Here is John M. East to introduce us to this extravaganza, which he describes as a tribute to the late, lamented Mary Millington. Informing us that Mary was a world-class stripper, he illustrates this with a clip from one of her final films, Queen of the Blues, where she performs such an act in front of an appreciative crowd at a nightclub. Then he brings on the compere for the evening, who is comedian Bernie Winters, and he offers up a short standup routine of the sort which will fill up the time between the strippers. So without further ado, bring on the ladies from around the world to compete in this competition...

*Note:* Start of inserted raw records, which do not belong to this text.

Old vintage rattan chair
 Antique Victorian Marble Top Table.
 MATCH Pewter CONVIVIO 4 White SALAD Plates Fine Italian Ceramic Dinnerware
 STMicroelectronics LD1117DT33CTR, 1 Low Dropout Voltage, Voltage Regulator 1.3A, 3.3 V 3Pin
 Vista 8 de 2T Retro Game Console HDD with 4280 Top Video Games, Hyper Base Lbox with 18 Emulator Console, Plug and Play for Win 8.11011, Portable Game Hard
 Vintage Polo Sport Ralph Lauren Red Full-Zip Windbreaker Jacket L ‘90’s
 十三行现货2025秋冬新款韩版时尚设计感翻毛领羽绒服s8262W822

Except there is plenty of further ado for what you would think would be a simple exercise in filming a bunch of women taking their clothes off to music. This was made near the end of an era where it was felt that for softcore you couldn't simply cart on the nudity on its own, and you had to have some kind of frame around it, so, as was so often in British cinema of the previous decade, here that was comedy. If you could call what Bernie did comedy; best known by this time as a family-friendly comic on television who appeared with a slobbery St Bernard dog as his sidekick, it may be jarring to see him grin and gurn his way through a few blue gags, but it was essentially the same act he usually did, only with off colour material.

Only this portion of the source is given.